Your goal: Write out exactly the lines from the one containing "Usado Kia Ceed" to the end of the material, both ends included, and nothing else. Leave pictures out.

..........

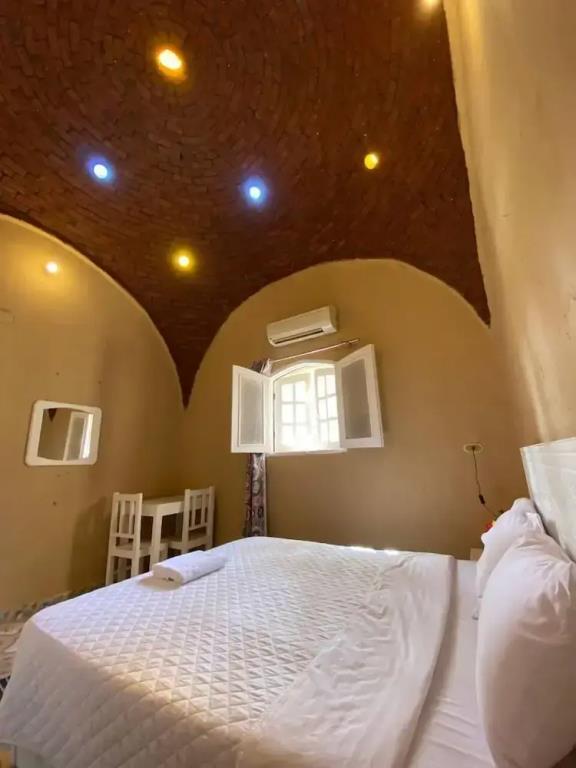 sekhmet hotel 3*
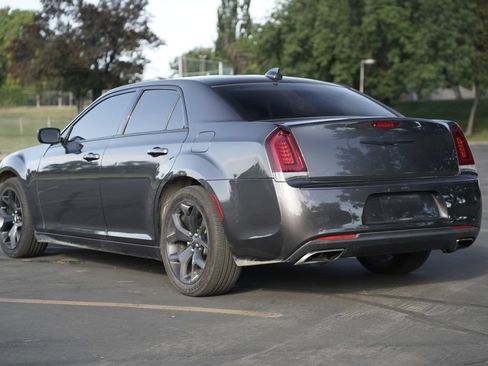 Used 2020 Chrysler 300 Touring w/ Sport Appearance Package RWD image 3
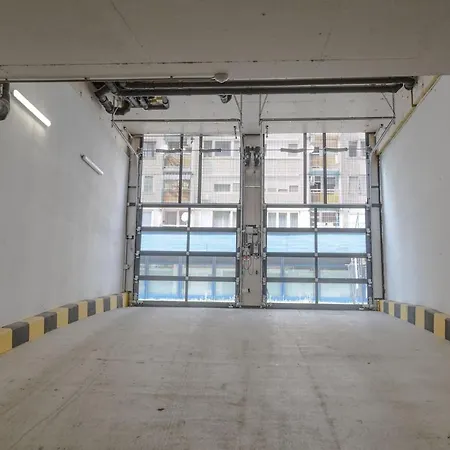 Appartamento New Corvin Home, Ac, Free Parking Balcony W/view *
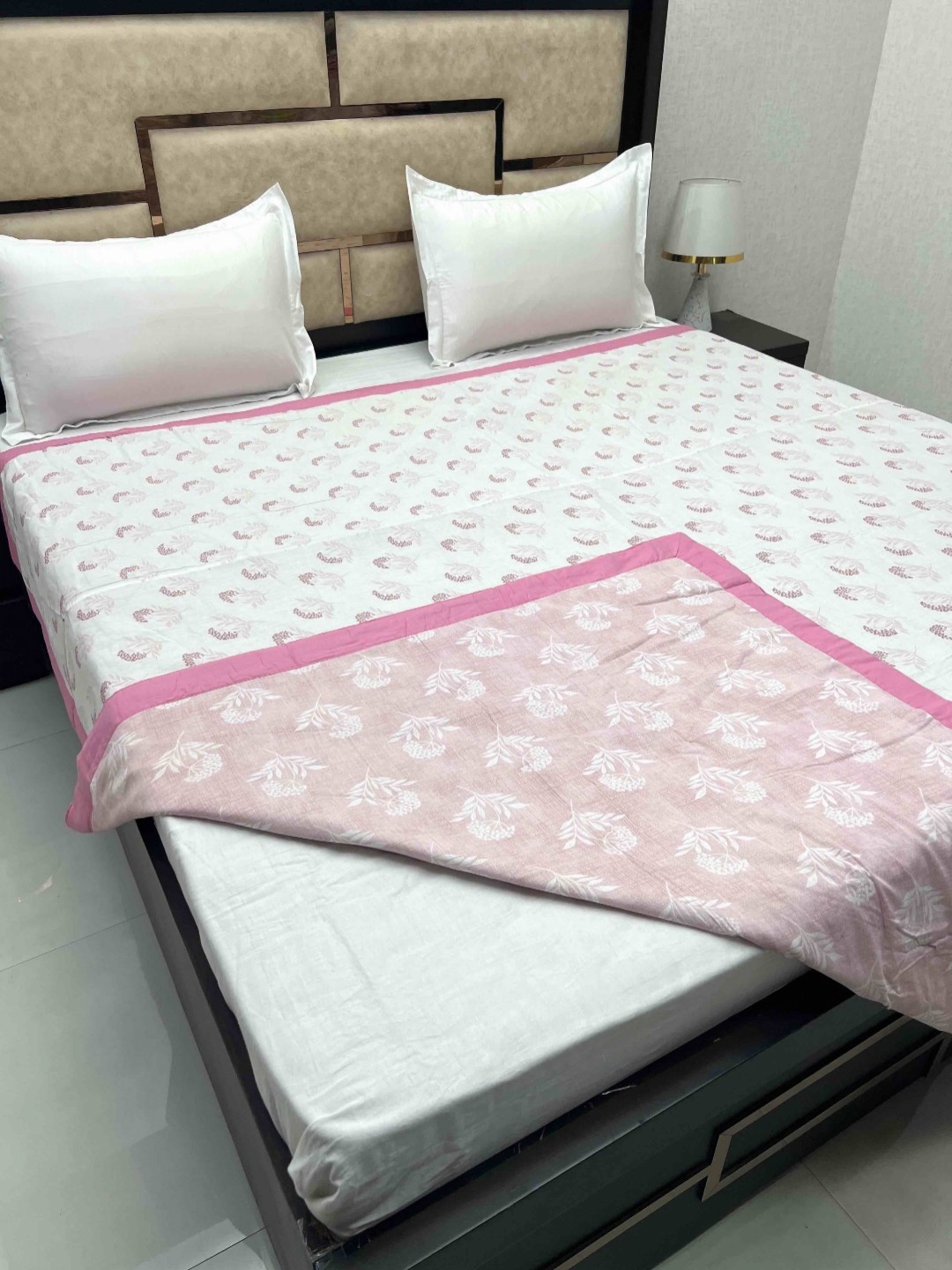 

Pure Decor Pink & White Floral Cotton AC Room 300 GSM Double Bed Dohar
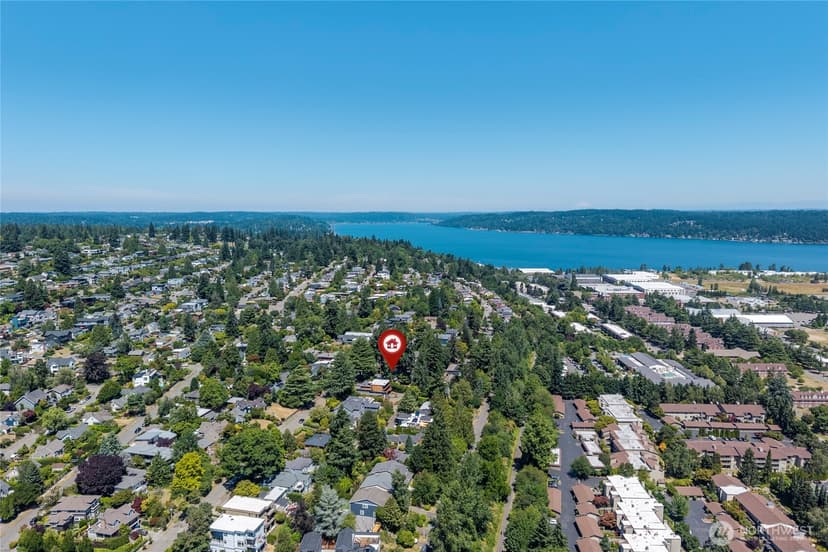 Property photo for 6626 57th Avenue NE, Seattle photo 24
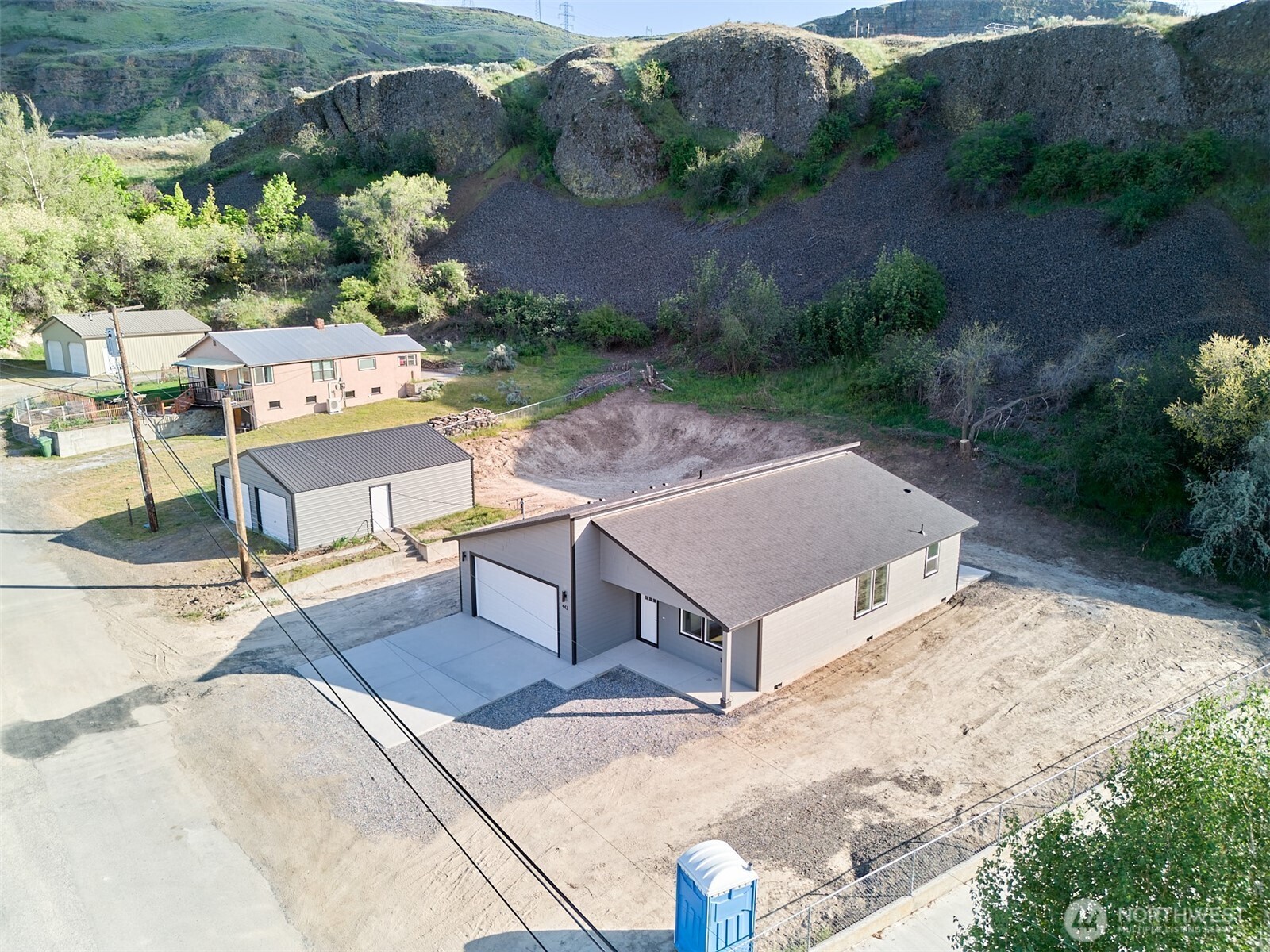 443 Partello Park Grand Coulee, WA 99133 - Photo 2 of 40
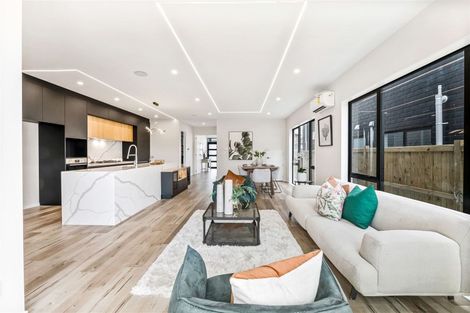 Photo of property in 13 Downpatrick Drive, Flat Bush, Auckland, 2019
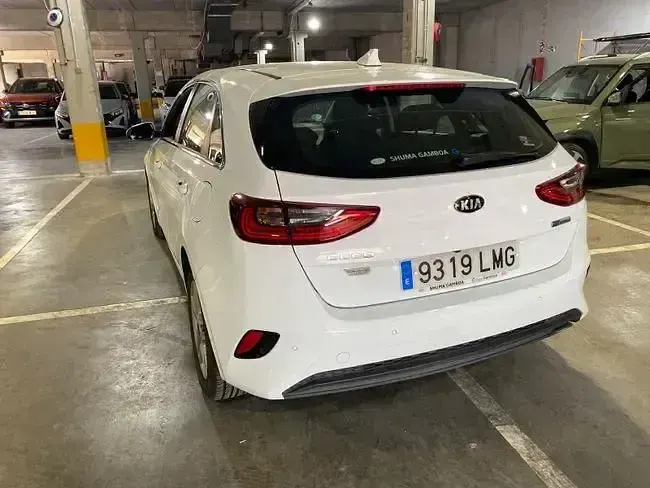 Usado Kia Ceed 136 CV (100 kW) 2021 Blanco Utilitario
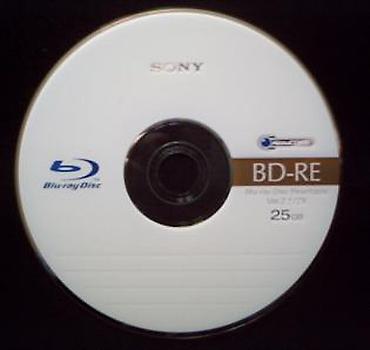 disk satisi: BD-RE alıram

Yazılıb-silinən (RE) modellərindən, BD-R yox — 2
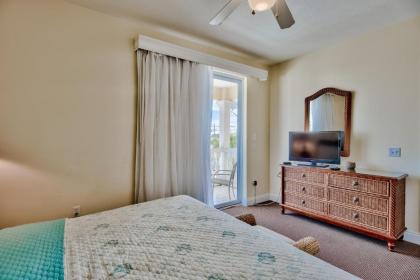 Bella Casa - 5 Bdrm Directly on the Beach & Huge Swim Spa! - image 10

..........

Written response:
 Usado Kia Ceed 136 CV (100 kW) 2021 Blanco Utilitario
 disk satisi: BD-RE alıram

Yazılıb-silinən (RE) modellərindən, BD-R yox — 2
 Bella Casa - 5 Bdrm Directly on the Beach & Huge Swim Spa! - image 10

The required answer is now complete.